今回は、ごはんなどに含まれる「デンプン」という栄養素が、体の中でどのように消化され始めるのかを体験的に学ぶアクティビティに挑戦してみましょう。特に、私たちの口の中にある「唾液」のふしぎな力に注目します。
アクティビティの目的
- 食べ物が体内で消化される過程の一部(デンプンの分解)を体験的に理解する。
- 唾液に含まれる酵素(アミラーゼ)がデンプンを分解する働きがあることを観察を通して学ぶ。
- なぜ食べ物をよく噛むことが大切なのか、科学的な視点から考えるきっかけを得る。
対象となる学年目安
小学3年生〜小学6年生
準備物
- 炊いたごはん:少量(茶碗1/3杯程度)
- 水:200ml程度
- 透明なコップまたは試験管:3〜4個
- スプーンまたはマドラー:2〜3本
- スポイト:1〜2本
- ヨウ素液(うがい薬やイソジンなど、ヨウ素を含むもので代用できる場合もありますが、実験用ヨウ素液が最も適しています):少量
- 唾液:少量(きれいな容器に唾液を少し貯めておく)
- (または)市販の液体アミラーゼ洗剤や消化酵素剤(デンプン分解酵素を含むもの):少量(取り扱いには十分注意し、製品の説明に従ってください)
【注意】 ヨウ素液は衣服につくと色が落ちにくく、飲むと危険です。必ず大人が管理し、子供が直接触れないように注意してください。
活動の手順
- デンプン液を作る: 炊いたごはんをコップに入れ、水を加えます。スプーンなどでごはんを丁寧につぶしながらかき混ぜ、どろどろとした白い液体(デンプンを溶かした水)を作ります。大きな粒は取り除いておきます。
- コップに分ける: 作ったデンプン液を、別の透明なコップに3つに均等に分けます。それぞれのコップにA、B、Cなどの目印をつけておくと分かりやすいです。
- 比較対象を用意する (コップA): コップAには何も加えません。これがデンプン液そのままの状態を調べるための比較対象となります。
- 唾液(またはアミラーゼ液)を加える (コップB): コップBに、用意した唾液をスポイトで数滴加えます。または、市販のアミラーゼ液を使う場合は、製品の指示に従い少量加えます。スプーンで軽くかき混ぜます。
- 時間をおいて変化を観察する: コップAとコップBを並べて置き、5分、10分、15分と時間を追って、見た目の変化があるか観察します。見た目には大きな変化がないかもしれません。
- ヨウ素液で反応を調べる (コップA): 15分ほど経過したら、まずコップAにヨウ素液を1〜2滴加えて、軽くかき混ぜます。何色になるか観察しましょう。
- ヨウ素液で反応を調べる (コップB): 次に、コップBにヨウ素液を1〜2滴加えて、軽くかき混ぜます。コップAと比べて色の変化に違いがあるか観察しましょう。
- (応用)コップCで時間による変化を見る: コップCにも唾液(またはアミラーゼ液)を加え、さらに長い時間(30分〜1時間など)おいてからヨウ素液を加えてみます。コップBとの色の違いを観察すると、時間とともに変化が進むことが分かります。
活動のポイント
- ヨウ素反応の確認: 実験の前に、ごはん粒や片栗粉などにヨウ素液を垂らし、青紫色になることを子供に見せておくと、「デンプンがあると青紫色になる」という基本的な知識が入りやすくなります。
- 比較の重要性: コップA(唾液なし)とコップB(唾液あり)を必ず比較させることが、唾液の働きを理解する上で最も重要です。「同じデンプン液なのに、どうして色が違うのかな?」と問いかけ、違いに気づかせましょう。
- 時間の経過: 唾液によるデンプンの分解には時間がかかります。すぐに結果が出なくても焦らず、しばらく待つことが大切です。
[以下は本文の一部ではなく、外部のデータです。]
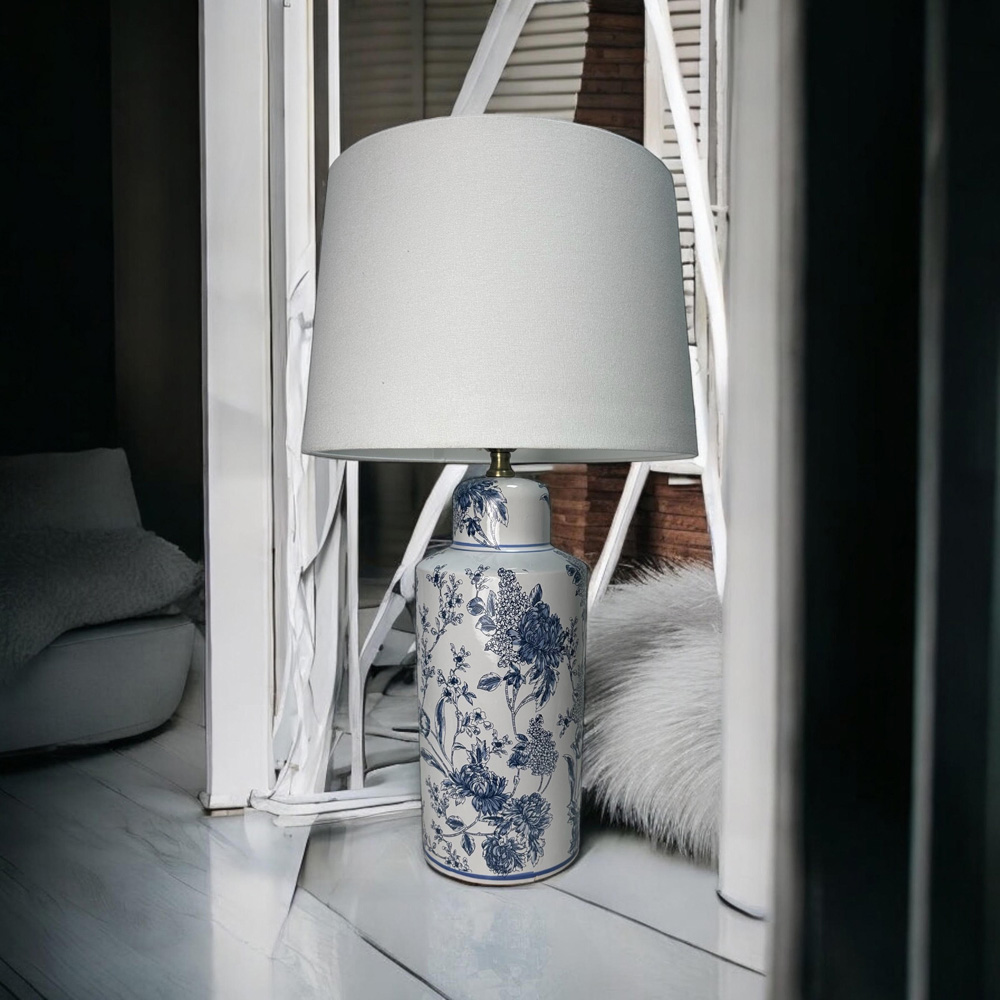Acacia Home Ceramic Table Lamp with Shade 49cm Image 2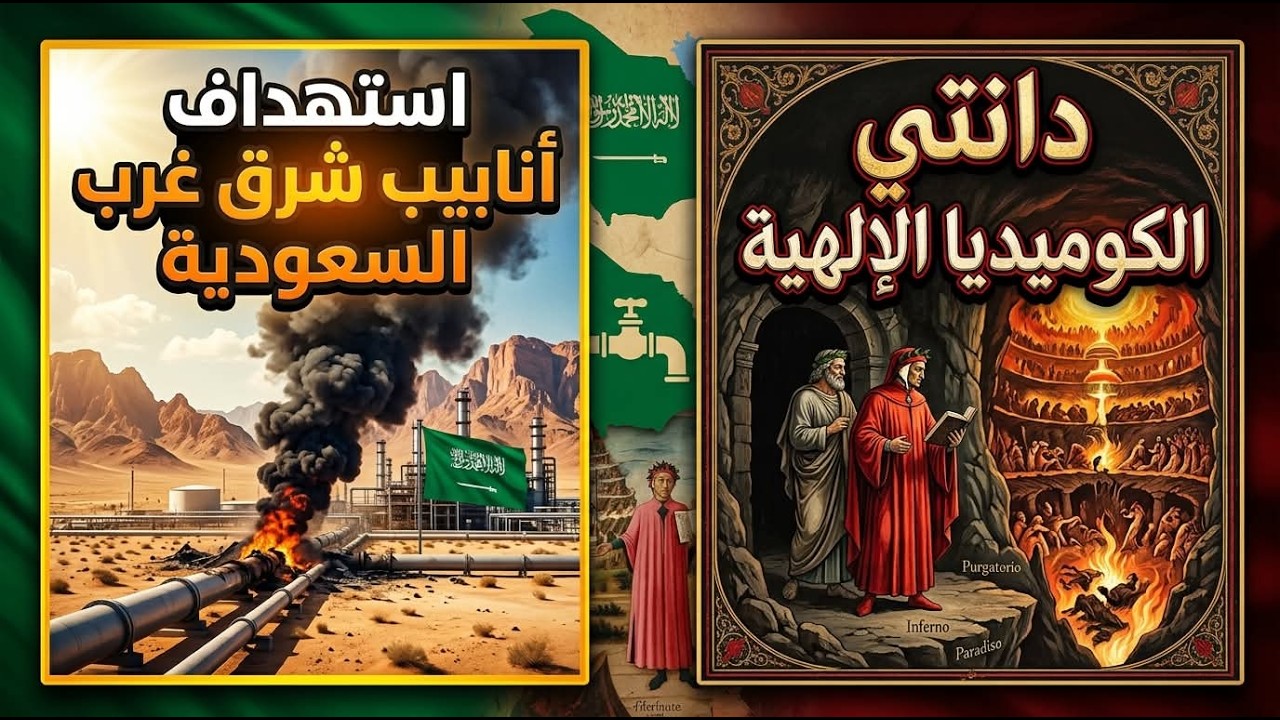 استهداف أنابيب شرق غرب السعودية | دانتي... الكوميديا الإلهية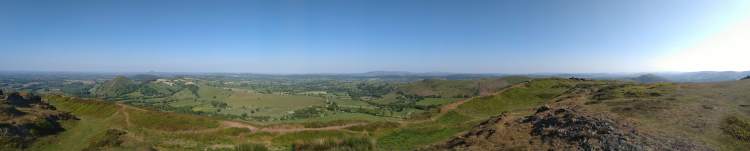 panoramic views from caer caradoc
- 唾液について話す: 「この唾液は、みんなの口の中にあるものと同じだよ。食べ物を柔らかくするだけでなく、こんなふしぎな力も持っているんだね」と話すと、自分の体への関心が高まります。
- 「消化」と「酵素」: 子供の理解度に合わせて、「消化」とは食べ物を体に吸収しやすい形に変えること、「酵素」とは体の中で様々な変化を手助けする特別な物質であることなどを、簡単な言葉で説明しましょう。
安全上の注意点
- ヨウ素液の取り扱い: ヨウ素液は絶対に飲まないでください。皮膚や衣服につかないように、大人が責任を持って取り扱い、子供の近くに置かないでください。実験後は安全な場所に保管するか、適切に廃棄してください。
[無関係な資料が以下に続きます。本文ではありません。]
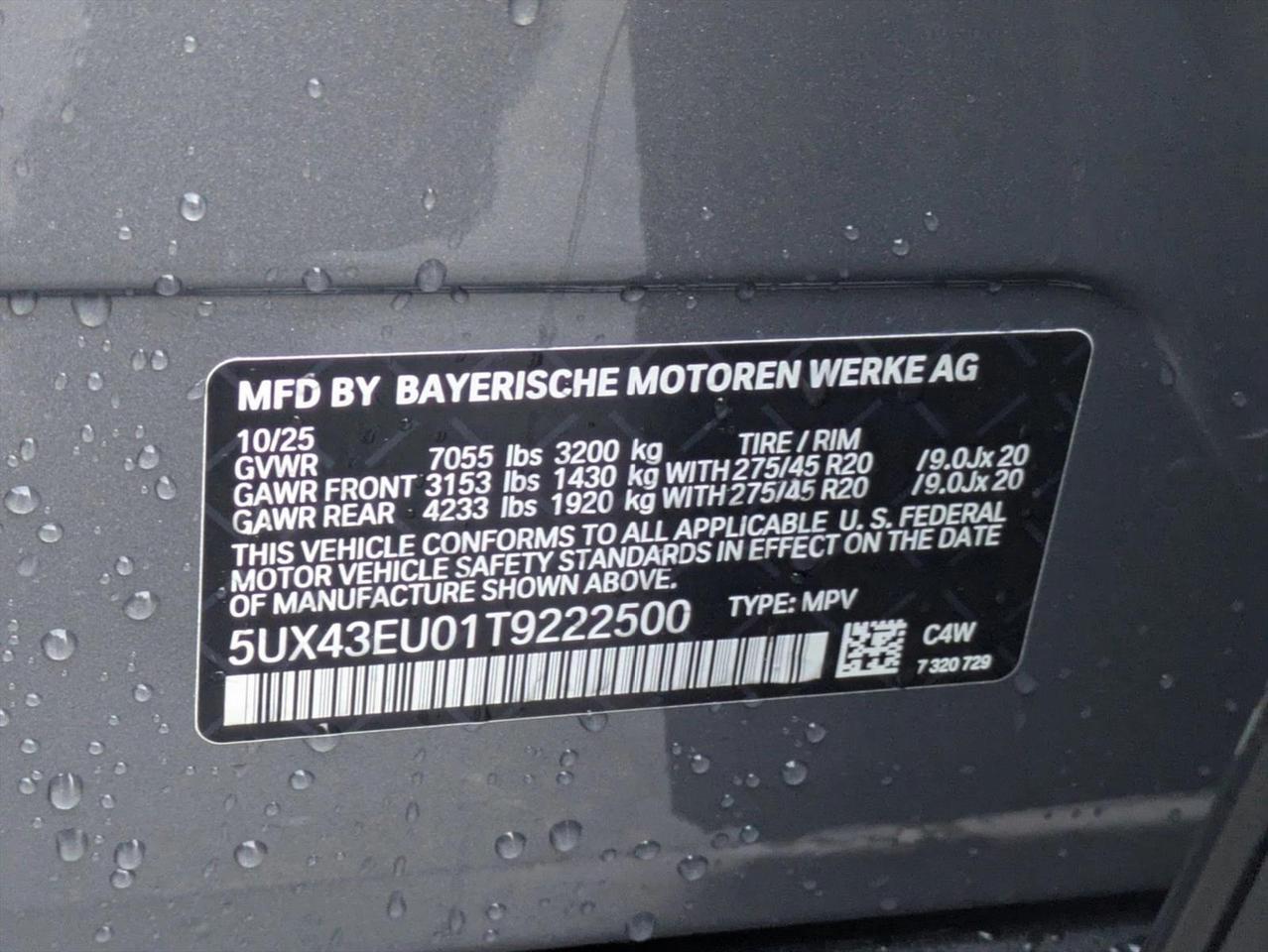 2026 BMW X5 xDrive50e Roseville CA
- ガラス製品: ガラス製のコップや試験管を使用する場合は、破損しないよう十分に注意してください。プラスチック製のものを使うとより安全です。
- 唾液の使用: 他の人の唾液を使用することは避け、自分の唾液を使用するか、市販のアミラーゼ液を使用してください。衛生面にも注意しましょう。
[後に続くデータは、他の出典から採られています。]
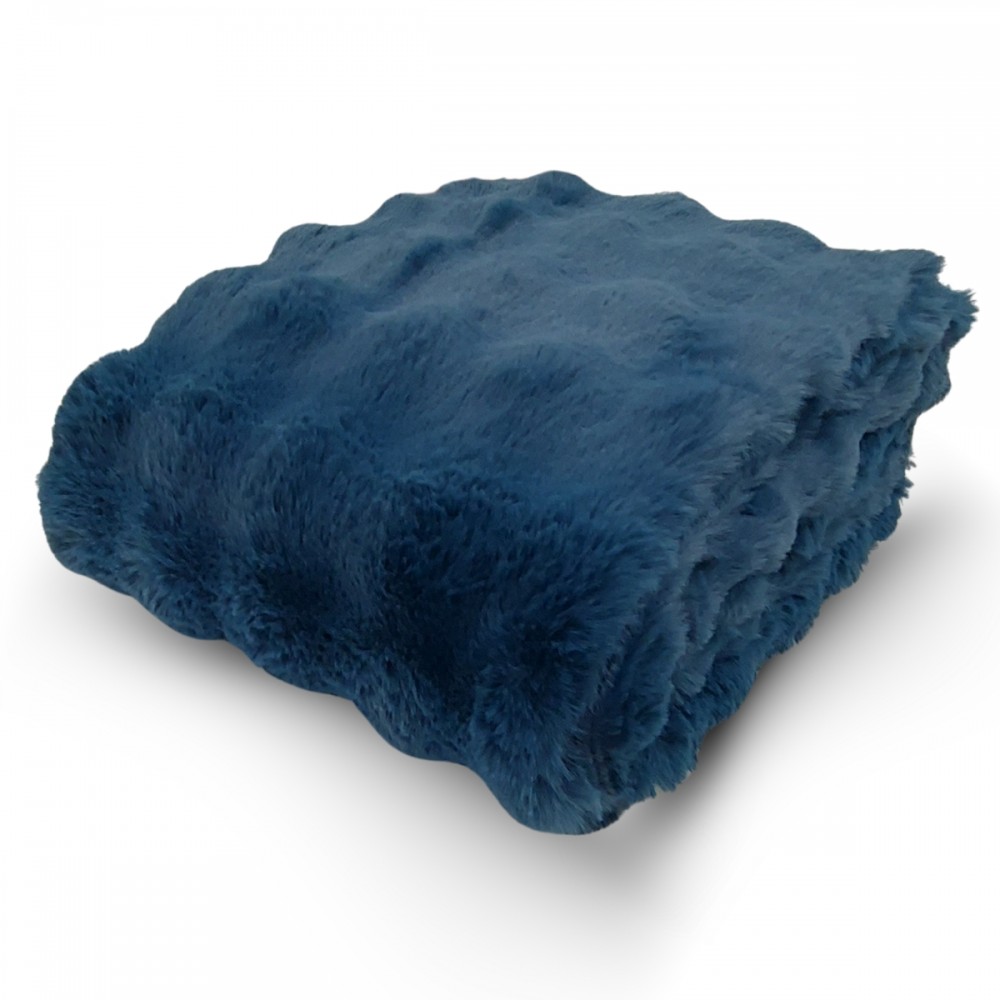 Plaid cm 145x180 Bubble colore bluette Plaid cm 145x180 Bubble colore bluette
- 試食の禁止: 実験に使った液体は、たとえ唾液を加えたものであっても絶対に口にしないでください。
期待される教育効果
このアクティビティを通して、子供たちは、私たちが食べたごはんのデンプンが、口の中で唾液によって分解され始めるという、消化の最初のステップを体験的に理解することができます。ヨウ素液の色の変化という目に見える結果を通して、唾液という身近なものが持つ科学的な働き(酵素による分解)に気づき、身体の仕組みの面白さを感じられるでしょう。また、観察と比較を通して科学的な探究心を育むことにもつながります。この体験は、「なぜよく噛んで食べると良いの?」といった日常生活での疑問や、「食べ物は体のどこを通るの?」といった消化器系への興味へと発展していく足がかりとなります。
応用例や発展的な活動
- 温度を変えてみる: 唾液を加えたデンプン液を、温かい場所(人肌程度のお湯につけるなど)と冷たい場所(氷水につけるなど)に置いて、それぞれの変化の速さを比べてみます。酵素の働きが温度によって変わることを学ぶことができます。
- 他の食品で試す: パンやうどんなど、他のデンプンを含む食品をすりつぶしてデンプン液を作り、同様の実験をしてみます。
- 模型で経路を学ぶ: 消化器系の簡単なイラストや模型を見て、口から始まり、食道、胃、小腸、大腸へと食べ物がどのように運ばれ、それぞれの場所でどのような消化が行われるのかを学びます。
- 栄養素について調べる: デンプンの他に、タンパク質や脂肪などの栄養素が体でどのように消化・吸収されるのかを調べてみます。
このアクティビティを通して、子供たちが自分の体のふしぎに興味を持ち、健康な生活を送るための学びにつなげてくれることを願っています。